Entre as petições, está a abertura de uma delegacia da mulher, na Vila de Jericoacoara. De acordo com Cauane Polo, uma das articuladoras do abaixo assinado e integrante do Grito de Paz Jeri, o equipamento facilitaria o atendimento especializado e evitaria a locomoção difícil para delegacias dos municípios de Cruz ou de Acaraú. Quem não tem carro próprio sofre com o preço alto de lotações precárias.
Além de pedirem a implantação de transporte coletivo de qualidade na rota Jericoacoara-Preá, Preá-Jericoacoara e Jericoacoara-Chapadinha-Jijoca, os habitantes pedem câmeras na Vila e ampliação da área de circulação da Polícia Militar (PM) nos três trechos. Principalmente no horário noturno e nas praias da Malhada, Serrote e Dunas. Lugares que passaram a ser considerados de risco com os estupros.
Duas viaturas para policiar a Vila de Jeri
O POVO enviou uma série de questionamentos para o secretário André Costa, da Segurança Pública e Defesa Social do Ceará. Por nota, a SSPDS informou que PM “a Vila de Jericoacoara (Jijoca) e Preá (Cruz) são cobertas pela 2ª Companhia do Batalhão de Policiamento Turístico (2ª Cia/BPTur)”. Cruz, Jericoacoara e mais 17 municípios fazem parte da Áreas Integrada de Segurança 17 (AIS-17).
Na Vila, diz a nota, a PM realiza o patrulhamento por meio de apenas “duas viaturas que circulam diuturnamente”. No período de alta estação, há ainda uma “trinca de policiais militares reforçando a segurança no período noturno, na praça principal de Jericoacoara”.
No Preá, continua a nota da SSPDS, “duas viaturas da PM são empregadas no patrulhamento que incluem as imediações do Aeroporto Regional de Jericoacoara, localizado em Cruz”.
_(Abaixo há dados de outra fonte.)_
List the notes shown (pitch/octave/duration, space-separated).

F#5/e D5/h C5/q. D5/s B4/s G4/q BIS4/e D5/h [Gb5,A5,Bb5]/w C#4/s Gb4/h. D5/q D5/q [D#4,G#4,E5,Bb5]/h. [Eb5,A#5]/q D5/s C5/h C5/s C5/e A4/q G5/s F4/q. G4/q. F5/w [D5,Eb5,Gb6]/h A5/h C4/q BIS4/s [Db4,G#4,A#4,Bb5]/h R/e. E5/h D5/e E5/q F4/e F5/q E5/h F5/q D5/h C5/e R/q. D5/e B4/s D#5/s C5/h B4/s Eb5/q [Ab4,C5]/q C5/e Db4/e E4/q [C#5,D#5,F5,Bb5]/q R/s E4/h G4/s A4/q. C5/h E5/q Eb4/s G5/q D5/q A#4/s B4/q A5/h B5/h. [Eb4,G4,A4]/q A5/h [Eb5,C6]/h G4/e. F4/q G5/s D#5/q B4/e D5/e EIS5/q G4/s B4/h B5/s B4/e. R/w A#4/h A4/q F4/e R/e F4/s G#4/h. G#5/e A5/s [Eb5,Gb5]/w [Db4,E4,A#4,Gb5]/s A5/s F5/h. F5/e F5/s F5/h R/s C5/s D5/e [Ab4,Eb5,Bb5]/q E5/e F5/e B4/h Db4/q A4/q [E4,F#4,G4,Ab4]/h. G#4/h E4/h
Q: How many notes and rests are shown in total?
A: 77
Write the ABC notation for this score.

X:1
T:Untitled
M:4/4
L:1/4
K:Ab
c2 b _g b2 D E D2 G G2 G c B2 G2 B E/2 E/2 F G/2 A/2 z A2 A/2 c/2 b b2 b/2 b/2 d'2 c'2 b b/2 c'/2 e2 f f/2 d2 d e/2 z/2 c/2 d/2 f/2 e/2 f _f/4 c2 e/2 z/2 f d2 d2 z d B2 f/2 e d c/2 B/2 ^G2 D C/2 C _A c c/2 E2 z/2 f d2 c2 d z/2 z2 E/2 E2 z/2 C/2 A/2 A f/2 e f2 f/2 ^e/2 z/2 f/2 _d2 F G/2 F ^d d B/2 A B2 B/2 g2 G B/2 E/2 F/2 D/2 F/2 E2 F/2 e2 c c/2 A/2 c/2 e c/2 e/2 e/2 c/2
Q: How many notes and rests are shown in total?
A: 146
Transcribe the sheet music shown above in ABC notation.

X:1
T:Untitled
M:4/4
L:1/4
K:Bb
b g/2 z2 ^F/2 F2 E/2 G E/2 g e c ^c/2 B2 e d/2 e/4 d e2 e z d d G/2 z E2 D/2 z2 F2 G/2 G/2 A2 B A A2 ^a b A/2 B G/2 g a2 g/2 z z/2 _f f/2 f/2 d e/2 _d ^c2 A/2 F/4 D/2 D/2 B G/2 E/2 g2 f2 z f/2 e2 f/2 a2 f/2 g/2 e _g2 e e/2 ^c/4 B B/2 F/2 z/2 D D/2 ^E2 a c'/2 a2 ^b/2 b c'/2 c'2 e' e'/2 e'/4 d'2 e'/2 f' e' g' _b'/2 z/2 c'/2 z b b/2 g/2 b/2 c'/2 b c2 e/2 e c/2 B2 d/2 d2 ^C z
De acordo com Polícia Civil, Jijoca de Jericoacoara não se enquadra nas especificações da Constituição do Estado do Ceará para a instalação de uma Delegacia da Mulher. Lá existe uma delegacia municipal, que é polo plantonista, funcionando 24 horas por dia, nos sete dias da semana.
A nota da SSPDS informa ainda que o número de crimes violentos letais e intencionais (CVLI) na AIS -17 caiu 49,6% no primeiro semestre de 2019 quando comparado ao mesmo período do ano passado. Foram 58 casos registrados contra 115, em de 2018 ou 57 casos a menos.
Os dados de roubos em geral, classificados como crimes violentos contra o patrimônio (CVP), também diminuíram no semestre segundo a SSPDS. Em 2019, 324 registros foram contabilizados contra 410 do ano passado, representando 21% de redução. Com relação aos crimes de estupro, foram 84 de janeiro a junho do ano passado e 76 apenas nos cinco primeiros meses de 2019.
Ponto de vista - Espantar turistas?
Duas horas da manhã de terça-feira, 11/9/2018. Fomos acordados com um apelo de mais uma vítima de estupro! Uma jovem que sai do trabalho, em Jericoacoara, meia noite, e por negligência do poder público é obrigada a pedir carona para regressar à sua residência.
Um motociclista, idade entre 40 e 50 anos, em uma motocicleta de cor preta. A polícia que deveria garantir a segurança dessa mulher, a aconselha a não fazer "alarde" tendo em vista que estávamos em alta temporada e não poderíamos "espantar" os turistas.
Então, vamos esperar que façam isso com nossas mães, irmãs, amigas? Ou vamos exigir do poder público transporte digno para essas trabalhadoras? Priorizar apenas a segurança, transporte e integridade do turista? Tem de se garantir, também, o mínimo de dignidade para trabalhadoras.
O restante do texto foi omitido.